Yes, I know it's April. No, we haven't lost track of the calendar.

My girlfriend is British and has never cooked a Thanksgiving dinner in her life, but my (very American) family is flying out later this year and she's determined to nail it before they walk through the door. So we're doing dry runs. This was attempt #1 and honestly I'm a little worried about how I'm going to top this when the actual holiday rolls around.

The turkey was rubbed with rosemary, thyme, garlic, and butter, then roasted on a bed of onions with halved oranges in the pan. The citrus and drippings made an incredible gravy. Mac and cheese is a three-cheese bake (sharp cheddar, gruyère, parm on top). Stuffing is sausage, sage, and sourdough. Ham got a brown sugar and honey glaze. The pull-apart bread was a last-minute "I saw it on TikTok" addition and might have been the best thing on the table.
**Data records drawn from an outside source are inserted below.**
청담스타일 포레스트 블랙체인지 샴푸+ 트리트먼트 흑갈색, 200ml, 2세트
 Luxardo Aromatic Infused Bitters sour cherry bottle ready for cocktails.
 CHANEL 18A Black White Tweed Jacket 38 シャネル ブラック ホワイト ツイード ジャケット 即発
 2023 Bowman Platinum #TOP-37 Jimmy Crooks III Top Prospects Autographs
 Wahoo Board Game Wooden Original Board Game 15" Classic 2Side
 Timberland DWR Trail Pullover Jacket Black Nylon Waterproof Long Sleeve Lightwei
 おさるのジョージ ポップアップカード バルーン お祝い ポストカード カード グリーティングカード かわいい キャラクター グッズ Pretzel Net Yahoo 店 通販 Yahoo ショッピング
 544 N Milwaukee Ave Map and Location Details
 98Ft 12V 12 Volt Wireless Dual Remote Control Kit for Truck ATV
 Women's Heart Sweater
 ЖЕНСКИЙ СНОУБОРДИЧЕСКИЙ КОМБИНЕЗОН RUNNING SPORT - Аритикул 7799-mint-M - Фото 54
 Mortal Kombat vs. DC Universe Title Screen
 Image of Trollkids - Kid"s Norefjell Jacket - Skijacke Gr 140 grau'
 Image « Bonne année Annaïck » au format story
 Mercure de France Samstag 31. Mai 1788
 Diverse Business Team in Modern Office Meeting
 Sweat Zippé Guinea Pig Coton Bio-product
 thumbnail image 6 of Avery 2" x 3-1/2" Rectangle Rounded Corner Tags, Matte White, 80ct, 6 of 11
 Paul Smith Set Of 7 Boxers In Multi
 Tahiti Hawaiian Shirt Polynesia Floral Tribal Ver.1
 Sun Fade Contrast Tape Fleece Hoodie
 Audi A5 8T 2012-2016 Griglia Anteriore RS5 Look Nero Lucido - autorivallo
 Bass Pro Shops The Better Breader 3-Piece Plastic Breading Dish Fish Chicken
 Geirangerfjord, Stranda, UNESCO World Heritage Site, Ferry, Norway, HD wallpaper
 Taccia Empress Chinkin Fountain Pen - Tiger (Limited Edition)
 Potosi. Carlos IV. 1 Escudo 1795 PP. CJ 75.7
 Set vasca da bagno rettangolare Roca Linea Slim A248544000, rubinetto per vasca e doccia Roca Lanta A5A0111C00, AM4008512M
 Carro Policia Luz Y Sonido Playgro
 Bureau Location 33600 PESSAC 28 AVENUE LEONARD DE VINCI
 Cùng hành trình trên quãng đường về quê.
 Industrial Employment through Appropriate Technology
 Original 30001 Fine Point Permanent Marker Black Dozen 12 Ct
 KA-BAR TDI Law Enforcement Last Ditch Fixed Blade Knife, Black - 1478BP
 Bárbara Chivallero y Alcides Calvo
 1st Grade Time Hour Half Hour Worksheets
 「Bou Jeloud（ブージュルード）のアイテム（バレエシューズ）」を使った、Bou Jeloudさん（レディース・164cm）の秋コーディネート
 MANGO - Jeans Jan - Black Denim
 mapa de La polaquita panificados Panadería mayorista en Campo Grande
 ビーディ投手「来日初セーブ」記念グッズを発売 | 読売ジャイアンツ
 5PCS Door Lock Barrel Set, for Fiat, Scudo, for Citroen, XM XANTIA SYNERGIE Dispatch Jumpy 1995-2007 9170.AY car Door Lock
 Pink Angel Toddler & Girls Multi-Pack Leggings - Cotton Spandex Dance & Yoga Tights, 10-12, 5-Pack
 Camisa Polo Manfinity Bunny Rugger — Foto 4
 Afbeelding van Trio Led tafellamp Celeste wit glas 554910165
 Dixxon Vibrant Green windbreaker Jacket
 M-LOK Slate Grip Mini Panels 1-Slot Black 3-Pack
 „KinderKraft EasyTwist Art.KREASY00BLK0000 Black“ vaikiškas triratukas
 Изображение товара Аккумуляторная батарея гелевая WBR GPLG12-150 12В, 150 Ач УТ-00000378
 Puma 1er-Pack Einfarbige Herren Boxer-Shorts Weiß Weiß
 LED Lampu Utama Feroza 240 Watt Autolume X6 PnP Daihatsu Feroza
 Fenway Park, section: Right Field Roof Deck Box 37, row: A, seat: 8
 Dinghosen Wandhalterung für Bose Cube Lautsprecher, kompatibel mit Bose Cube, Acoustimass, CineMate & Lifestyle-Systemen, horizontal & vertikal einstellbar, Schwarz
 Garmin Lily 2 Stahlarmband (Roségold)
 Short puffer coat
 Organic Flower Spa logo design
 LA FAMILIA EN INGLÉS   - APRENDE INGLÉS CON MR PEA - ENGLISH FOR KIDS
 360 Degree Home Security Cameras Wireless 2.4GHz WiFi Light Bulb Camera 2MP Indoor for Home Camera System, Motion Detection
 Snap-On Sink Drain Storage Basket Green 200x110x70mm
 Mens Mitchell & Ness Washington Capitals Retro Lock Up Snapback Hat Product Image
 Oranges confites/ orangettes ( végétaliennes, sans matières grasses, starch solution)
She's already taking notes on what to tweak for round two. I am simply taking naps.

by Ok-Recording-5616

9 Comments

  1. Bearspoole

    I love this! Personally I would have tested out 1 or 2 dishes at a time for regular dinners before going for everything at once! But I love the determination!

  2. Narrow_Fix_191

    Wow..sorry I lost my invite in mail….looks so yummy

  3. queenofcaffeine76

    No need to top it, at least not this year. Just stick with these recipes and make them a few times to fine-tune them. This looks amazing. If you want to up the ante, though, I suggest adding a pumpkin cheesecake.

  4. Something I do to prep for my Thanksgiving dinners is go apple picking around September or October. We get to eat fresh seasonal apples up until Thanksgiving and then before the apples get mealy, we turn the apple flesh into pie/pastry filling and turn the cores and skins onto cider.

    The cider is then used for the cranberry sauce as well.

  5. wickednyx

    She nailed it !!! Maybe add some green bean casserole

  6. DarkwingDuckHunt

    marry her.

    if you don’t I will, I’m not messing around.